# 3. Searching and Sorting Algorithms
by Marcel Siegmann, 2020

TABLE OF CONTENTS


* [Search Algorithms](#search)
    * [Random Search](#random_search)
    * [Linear Search](#linear_search)
    * [Binary Search](#binary_search)
    * [Comparisons](#compare)
* [Sorting Algorithms](#sort)
    * [Bubble Sort](#bubble_sort)
    * [Selection Sort](#selection_sort)
    * [Quick Sort](#quick_sort)
* [References](#references)

## Search Algorithms
<div id="search"></div>

Searching algorithms are used to find a specific element in any data structure. The search algorithms can generally classified into two categories:
* Sequential Search: In this, the list or array is traversed sequentially and every element is checked. For example: Linear Search.
* Interval Search: These algorithms are made for searching through sorted data structures. They are much more efficient than Linear Search as "they repeatedly target the center of the search structure and divide the search space in half". For Example: Binary Search. 

In [34]:
items_unsorted = [21, 1, 56, 66, 20, 84, 58, 75, 2, 12]
items_sorted = [1, 2, 12, 20, 21, 56, 58, 66, 75, 84]

### Random Search
<div id="random_search"></div>

Random Search is probably one of the simplest ways of finding an element in a data structure. The algorithm just picks a random number from the list and checks if it is the element we ware looking for. When running the algorithm it seems to be not too slow but actually this is the algorithm with the worst time complexity __O(∞)__. In the worst case it will never find the element we are looking for.

In [17]:
import random

def random_search(items, value):
    while True:
        random_element = random.choice(items)
        if random_element == value:
            return random_element

random_search(items_unsorted, 20)

20

### Linear Search
<div id="linear_search"></div>

A linear search scans one item at a time. We start from the leftmost elment in the list and compare each element with the given value. If the value is in the list it will return the index, otherwise None. As the name suggests linear search has a linear time complexity if __O(n)__.
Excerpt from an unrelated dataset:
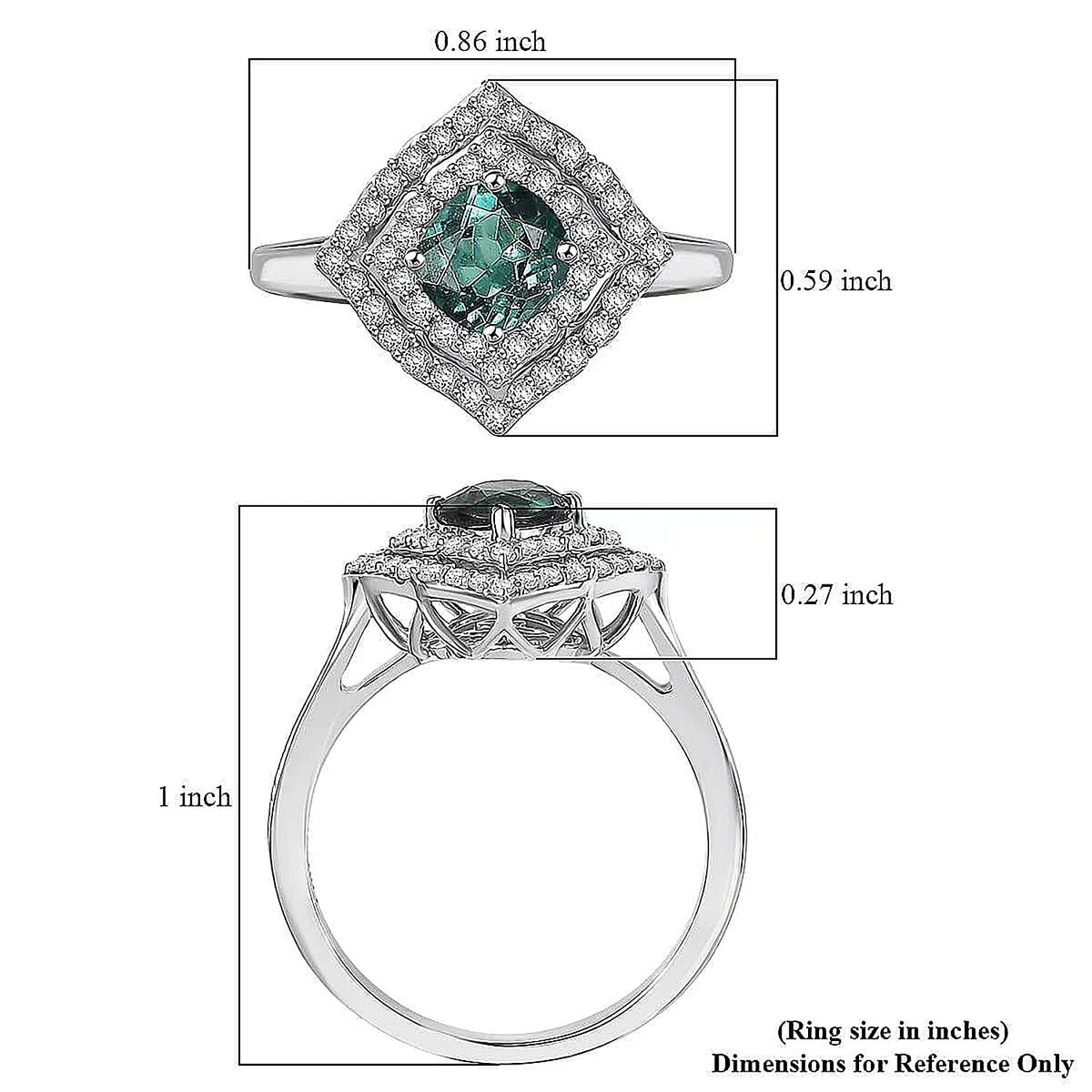 Certified and Appraised LUXORO AAA Lagoon Tourmaline, White Diamond I2 Main Stone With Side Stone Ring in 10K White Gold, Gold Wt.3.12 Gms  1.210  Ct. 8246532 5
![image.png](attachment:61ebb268-58a8-46b8-b0b3-a0318f9f82b5.png)

In [18]:
def linear_search(items, value):
    for index, item in enumerate(items):
        if item == value:
            return index
    return None

array = [1, 90, 15, 67, 19, 23, 25, 30]
linear_search(items_unsorted, 20)

(4, 20)

### Binary Search
<div id="binary_search"></div>

Binary Search is an interval search algorithm. For this type of search algorithm the elements need to be already sorted. It cuts the list into half and then checks if the value we are looking for is smaller or larger. By counting the steps you will find out that you need log(n) steps -> __O(log n)__.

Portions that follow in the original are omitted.